В данном случае он выпускал "из конюшни" не только Нэнси, но и еще одну свою давнюю героиню. Его не оставляли раздумья о Темпл Дрейк из романа «Святилище». "Я начал думать, что может произойти с этой женщиной в будущем, — рассказывал он, — и тогда мне пришло в голову: а что может получиться из брака, основанного на тщеславии слабого мужчины? Чем это может кончиться? И неожиданно мне эта ситуация представилась драматической и заслуживающей исследования".

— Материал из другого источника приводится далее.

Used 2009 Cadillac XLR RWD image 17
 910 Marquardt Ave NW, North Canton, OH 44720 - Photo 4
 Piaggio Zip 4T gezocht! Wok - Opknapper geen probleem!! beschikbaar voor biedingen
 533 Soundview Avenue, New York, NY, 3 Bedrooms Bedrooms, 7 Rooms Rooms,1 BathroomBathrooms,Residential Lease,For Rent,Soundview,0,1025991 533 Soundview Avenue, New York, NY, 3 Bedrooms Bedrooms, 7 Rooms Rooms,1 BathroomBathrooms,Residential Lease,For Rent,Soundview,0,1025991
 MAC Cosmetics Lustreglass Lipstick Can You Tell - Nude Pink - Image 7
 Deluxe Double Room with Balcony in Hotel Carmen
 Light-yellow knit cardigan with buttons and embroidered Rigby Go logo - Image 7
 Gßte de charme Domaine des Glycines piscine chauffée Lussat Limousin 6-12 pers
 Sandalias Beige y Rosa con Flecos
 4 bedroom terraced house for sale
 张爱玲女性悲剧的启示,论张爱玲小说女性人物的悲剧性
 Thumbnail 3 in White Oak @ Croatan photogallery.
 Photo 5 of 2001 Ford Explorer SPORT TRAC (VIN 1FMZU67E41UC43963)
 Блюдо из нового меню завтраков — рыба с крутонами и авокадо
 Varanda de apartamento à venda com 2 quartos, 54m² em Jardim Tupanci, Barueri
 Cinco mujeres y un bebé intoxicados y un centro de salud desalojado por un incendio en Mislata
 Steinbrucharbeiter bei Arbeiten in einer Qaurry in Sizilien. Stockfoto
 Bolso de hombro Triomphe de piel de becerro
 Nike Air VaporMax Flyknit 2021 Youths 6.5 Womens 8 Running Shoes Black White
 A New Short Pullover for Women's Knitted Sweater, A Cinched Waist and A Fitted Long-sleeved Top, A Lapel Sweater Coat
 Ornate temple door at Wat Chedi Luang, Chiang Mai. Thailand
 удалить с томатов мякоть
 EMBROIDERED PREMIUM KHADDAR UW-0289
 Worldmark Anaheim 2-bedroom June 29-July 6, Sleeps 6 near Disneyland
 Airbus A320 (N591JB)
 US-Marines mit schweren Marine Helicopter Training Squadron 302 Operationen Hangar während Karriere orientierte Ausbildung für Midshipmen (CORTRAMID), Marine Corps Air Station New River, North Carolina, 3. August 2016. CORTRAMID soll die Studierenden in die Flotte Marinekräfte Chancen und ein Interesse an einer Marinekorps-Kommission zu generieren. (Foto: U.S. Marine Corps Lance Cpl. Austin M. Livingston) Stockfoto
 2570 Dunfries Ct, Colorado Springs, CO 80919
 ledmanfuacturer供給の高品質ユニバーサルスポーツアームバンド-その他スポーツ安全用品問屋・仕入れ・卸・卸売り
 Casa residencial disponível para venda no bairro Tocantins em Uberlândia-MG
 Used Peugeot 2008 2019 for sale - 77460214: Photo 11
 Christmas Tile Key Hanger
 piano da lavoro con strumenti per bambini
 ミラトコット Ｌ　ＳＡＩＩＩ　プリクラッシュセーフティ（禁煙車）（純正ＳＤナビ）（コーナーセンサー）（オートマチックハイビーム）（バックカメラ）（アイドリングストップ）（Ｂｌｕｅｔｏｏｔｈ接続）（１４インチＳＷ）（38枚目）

В течение многих лет Фолкнера не оставляла мысль, что многие нравственные и философские проблемы, затронутые им в романе «Святилище», оказались заслонены для читателя сенсационностью сюжета. В «Святилище» зло представало как явление космическое, существующее вне воли и нравственных убеждений человека, и тем самым как бы снимался вопрос об ответственности человека за содеянное им зло, о степени вины и наказания. Тот роман оставлял чувство безысходности, в нем не было и тени надежды на нравственное очищение человека, на способность человека осознать свою вину и принять на себя моральную ответственность.
Теперь Фолкнеру хотелось развить и углубить эти проблемы, опираясь на опыт, приобретенный им за прошедшие десятилетия, утвердить в новом произведении веру в то, что человек может вынести все и преодолеть, выйти победителем в борьбе с самим собой.